Re: Need a regex to match C-style function arg list
by dws (Chancellor) on Apr 11, 2003 at 20:41 UTC
    The difficulty you face is in deciding which of the commas in
    concat(int2string(counter,1),result)
    is the one that separates the arguments. In the trivial case of two strings, this seems easy, except that the strings themselves might contain commas. But when you introduce arbitrary expressions into the mix, you're past the point where you can deal with this problem safely using a regular expression, and into territory where you need a parser to correctly distinguish the two arguments.

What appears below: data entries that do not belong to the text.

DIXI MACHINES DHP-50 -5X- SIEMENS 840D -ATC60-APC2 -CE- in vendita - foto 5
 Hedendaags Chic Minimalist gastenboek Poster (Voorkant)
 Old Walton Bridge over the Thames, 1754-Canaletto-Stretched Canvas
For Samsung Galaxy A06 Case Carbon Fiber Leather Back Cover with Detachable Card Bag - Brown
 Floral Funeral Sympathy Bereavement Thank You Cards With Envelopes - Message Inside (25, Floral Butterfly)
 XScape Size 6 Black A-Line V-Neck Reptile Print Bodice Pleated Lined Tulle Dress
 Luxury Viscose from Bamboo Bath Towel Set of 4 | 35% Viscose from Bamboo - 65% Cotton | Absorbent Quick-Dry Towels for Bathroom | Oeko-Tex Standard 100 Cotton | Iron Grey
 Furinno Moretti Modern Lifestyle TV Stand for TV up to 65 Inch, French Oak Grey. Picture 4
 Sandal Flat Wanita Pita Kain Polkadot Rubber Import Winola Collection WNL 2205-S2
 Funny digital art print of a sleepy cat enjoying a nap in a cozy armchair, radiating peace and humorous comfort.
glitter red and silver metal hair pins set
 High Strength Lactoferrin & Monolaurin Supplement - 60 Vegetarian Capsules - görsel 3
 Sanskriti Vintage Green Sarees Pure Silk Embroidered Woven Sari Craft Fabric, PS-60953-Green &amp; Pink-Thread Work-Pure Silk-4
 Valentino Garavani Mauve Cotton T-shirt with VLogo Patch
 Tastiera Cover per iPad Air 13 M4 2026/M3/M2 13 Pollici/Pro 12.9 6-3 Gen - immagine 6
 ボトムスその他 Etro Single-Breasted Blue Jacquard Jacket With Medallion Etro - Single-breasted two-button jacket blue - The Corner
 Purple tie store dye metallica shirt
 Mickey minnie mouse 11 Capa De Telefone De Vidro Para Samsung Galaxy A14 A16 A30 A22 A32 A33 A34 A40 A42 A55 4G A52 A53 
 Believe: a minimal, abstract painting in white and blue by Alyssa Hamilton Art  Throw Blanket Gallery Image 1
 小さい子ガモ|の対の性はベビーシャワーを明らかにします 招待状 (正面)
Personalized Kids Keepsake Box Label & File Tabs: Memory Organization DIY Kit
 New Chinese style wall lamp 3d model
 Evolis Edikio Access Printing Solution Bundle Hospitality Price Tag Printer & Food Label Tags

    Can you say a bit more about the types of expressions that might occur as arguments to concat()? If there's a limited set, you can special-case them with one regular expression per combination.

Re: Need a regex to match C-style function arg list
by BrowserUk (Patriarch) on Apr 11, 2003 at 22:34 UTC

    Given the samples supplied, this does the trick. If your expressions can contain spaces, be split across lines or contain nested concats, then it will need further work.

    #! perl -slw use strict; my $re_term = qr[[^,)]+?]; my $re_func = qr[\w+\($re_term,$re_term\)]; my $re_concat = qr[concat\((?:($re_func),($re_term|$re_func))\)]; while(<DATA>) { s[^$re_concat$][$1 & $2]; print; } __DATA__ concat(int2str(count,1),result) concat(bit2str(count,'10'B),result) concat(int2str(count,1),bit2str(count,'10'B))

    Gives

    c:\test>249976 int2str(count,1) & result bit2str(count,'10'B) & result int2str(count,1) & bit2str(count,'10'B)

    Examine what is said, not who speaks.
    1) When a distinguished but elderly scientist states that something is possible, he is almost certainly right. When he states that something is impossible, he is very probably wrong.
    2) The only way of discovering the limits of the possible is to venture a little way past them into the impossible
    3) Any sufficiently advanced technology is indistinguishable from magic.
    Arthur C. Clarke.
Re: Need a regex to match C-style function arg list
by Anonymous Monk on Apr 11, 2003 at 21:14 UTC
    thanks for the reply monks. to explain you the scenario little bit more, i m making an application which converts a program written in an earlier version of test language to the new version of the language. so one of the few changes in the language is the function 'concat' which has been changed to '&'. so concat("this", "is good") will be changed to ("this" & "is good") and i m facing the exact problem mentioned by u monks. its hard to know the exact pattern. lets say that concat can take following patterns for example : concat(int2str(count,1),result) or concat(bit2str(count,'10'B),result) or concat(int2str(count,1),bit2str(count,'10'B)) do you think it is possible to find a way to solve my problem ?
      Sounds like a great job for Parse::RecDescent, except that you'll still need to give us access to the spec for "an earlier version of the test language". We specifically would need to know string-quoting-thingies that can hide a comma (like Perl's "" or '' or q()) and the nesting-thingies that can hide a comma recursively (like your concat function).

      Until you provide that spec, any response here is pure speculation.

      -- Randal L. Schwartz, Perl hacker
      Be sure to read my standard disclaimer if this is a reply.

Re: Need a regex to match C-style function arg list
by Mr. Muskrat (Canon) on Apr 11, 2003 at 20:22 UTC

      Or maybe this is JavaScript. It'd help to know what language you're expecting us to read.